Me: I don't want to.
Caitie: Okay, tell us about this bowl then. It looks broken.
Me: That's because it is broken. One of the movers packed it in a box that contained DVDs. He wrapped the bowl up in two pieces of paper, then put it on top of all the DVDS, taped up the box, and stacked heavier boxes on top of that box. The bowl never stood a chance. I was pissed. But I have glued it back together and it still looks beautiful.
Caitie: What do you use it for?
Me: Well, I used to use it as a candy bowl. But only one member of the the family was eating the candy from the bowl, and said family member is a cat and wasn't supposed to be eating the said candy. So now we use it as follows...
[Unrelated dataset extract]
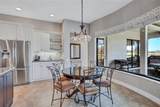 110 167TH Boulevard - Photo 19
Me: ...to hold a cat brush and a repurposed toiletries bottle filled with water. We hardly ever use the brush (hence all the vacuuming), but the water comes in handy to spritz the candy thief with.
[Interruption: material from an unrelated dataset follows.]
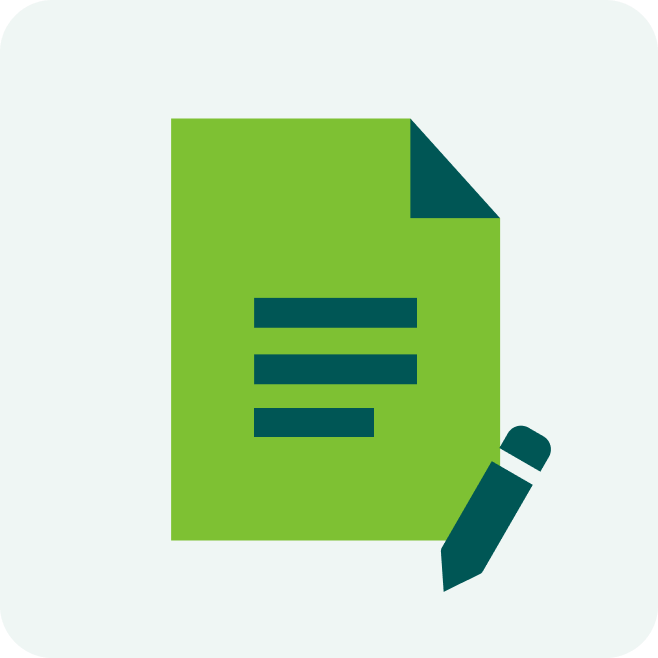 Write More Effective Job Descriptions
Caitie: And tell us about this painting. Isn't it too suggestive to be in your living room?
Me: What are you, Amish? Next question.
Caitie: Well okay, but wouldn't you agree there is a pattern of suggestive artwork in this room. I mean just look at this statue.
Me: This is Venus, and once again, thanks for being so mean! As if I wanted to discuss Venus.
Caitie: Why are you so sore about her existence?
Me: Well if you must know, Venus is the other woman in my marriage. In fact, she's been the other woman since BEFORE Dan and I were married. He acquired her in Rome, and then proceeded to lug her dead weight around for the rest of our trip, even managing to get her on the plane! I think Venus is as tacky as a bedazzled handbag, but Dan disagrees and insists she is always prominently displayed. I fear she will never go away. Never. But I object to you saying there is only suggestive artwork in my living room. Why, just look at this.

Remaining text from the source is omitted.